No I don't live in the US. I live in Canada. I assume that is some store in your area?

do you mean something like this...

http://www.electriqueboutique.com/shop/proddetail.asp?id=C-8493

^ go to that link.


----------



## Luvin Rupert G. (Sep 26, 2004)

the evil fairy is kinda like that but less slutty and the wings are all black and they point backwards


----------



## Stephanie (Sep 26, 2004)

ya that was the site I just happened to know the address to. hum... that could be fun... but I think that ppl do too much with the 'evil' and 'dead' things.

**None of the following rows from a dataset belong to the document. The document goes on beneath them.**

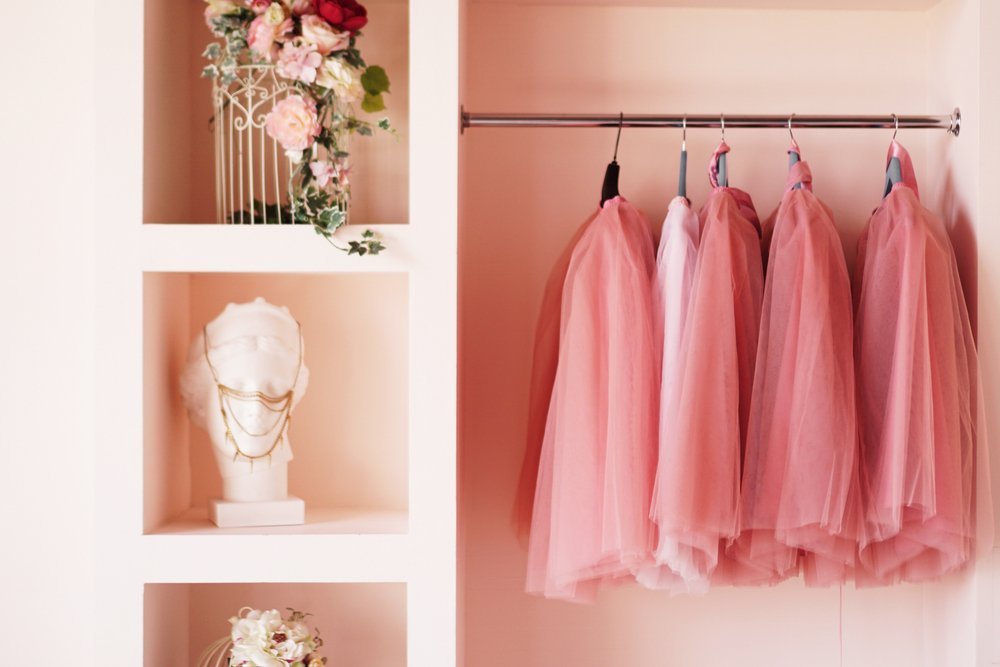 Custom kids closet with cubbies and double hanging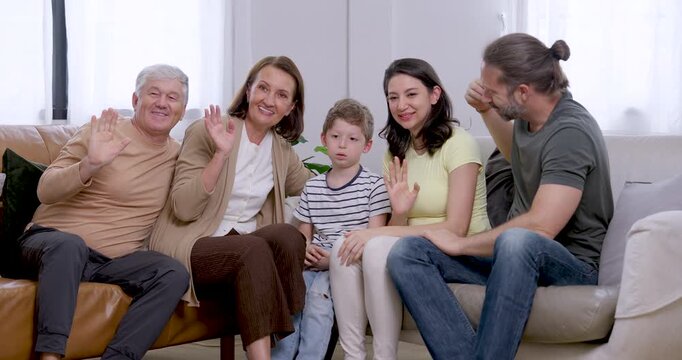 Slow motion young son between Asian mother and Caucasian father as senior grandparents smile and wave toward camera, expressing cheerful greeting and multigenerational family togetherness at home.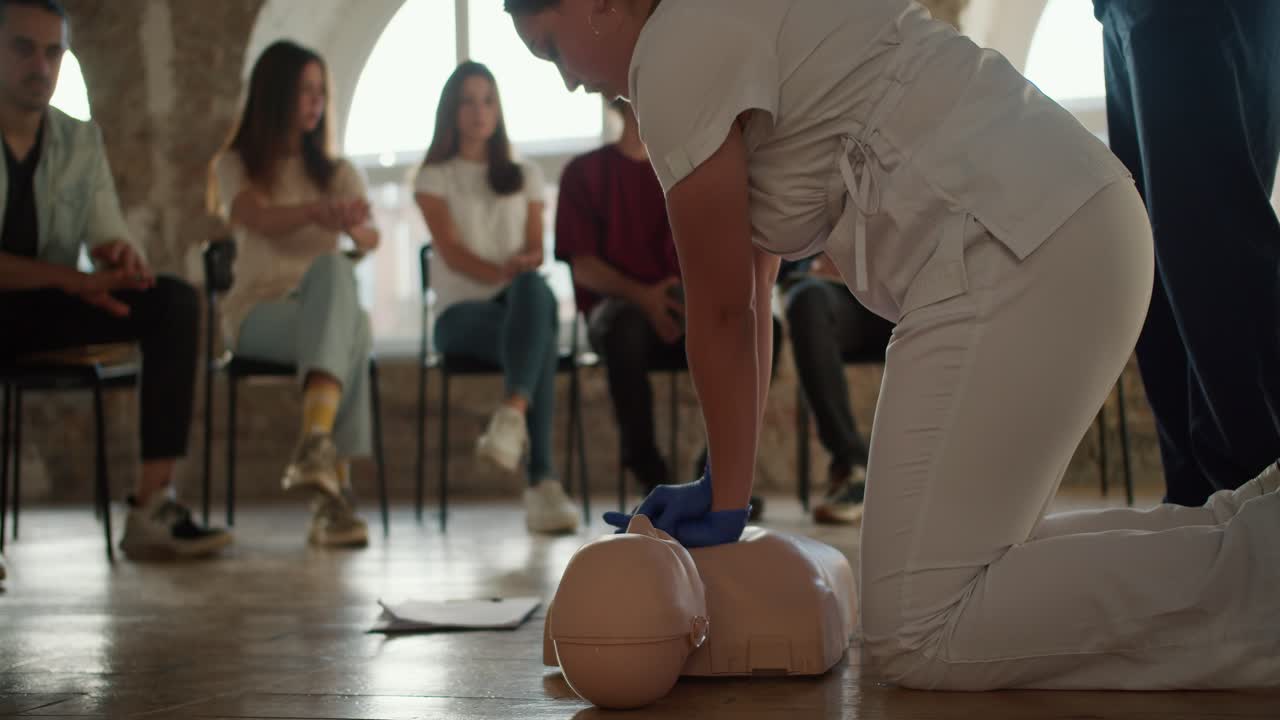 fotografía de primer plano: una doctora en uniforme blanco lleva a cabo una formación médica práctica presionando sus manos sobre el pecho de un maniquí médico para el público, que la escucha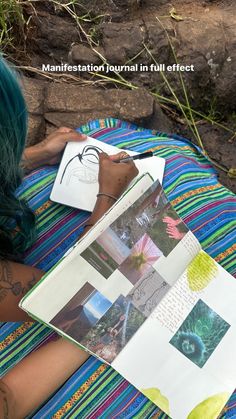 a woman with green hair sitting on top of a colorful blanket holding a piece of paper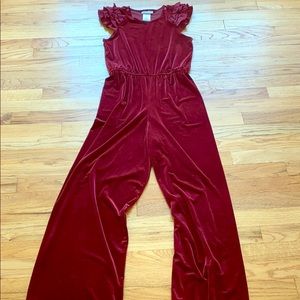 A kids red velvet jumpsuit.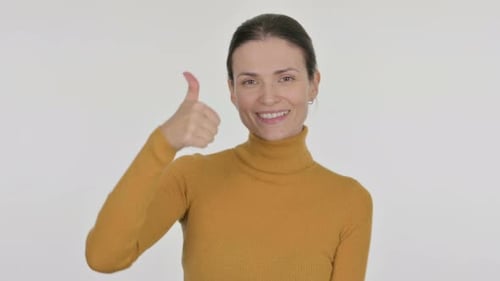 Smiling Woman Gives Thumbs Up on White Background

Although I know that that is technically what Halloween is historically about... I still think its fun to dress up like something that is recognizable... maybe even funny....?


----------



## Luvin Rupert G. (Sep 26, 2004)

thaks, so wut r u sayin? a graveyard angel or the evil feiry


----------



## Stephanie (Sep 26, 2004)

well if i had to pick one of those 2...i suppose that the graveyard angel would be something that others may recognize (from the movie).. so i would pick that one.


----------



## Luvin Rupert G. (Sep 26, 2004)

that wuznt the 1 from the movie but ill ask my parents if i could get that 1


----------



## frizzen (Sep 9, 2004)

I'd think the angel / evil fairy thing would be easier to do than Sally (The Nightmare Before Christmas), plus more people would 'get it' and you wouldn't have to explain who you are all night.

Sally was a living rag-doll, so you'd have to spend time working on the costume, placing 'stitches' on you at the right places, practicing the wobbly nearly drunken looking sally walk...

I want a hearse.


----------



## thehalloweenqn (Oct 3, 2004)

Graveyard angel gets my vote



I could feel the soft, shivering touch of the lips on the sensitive skin of my throat, and the hard dents of two sharp teeth, there I closed my eyes in langorous ecstasy and waited, waited with beating heart-Bram Stoker


----------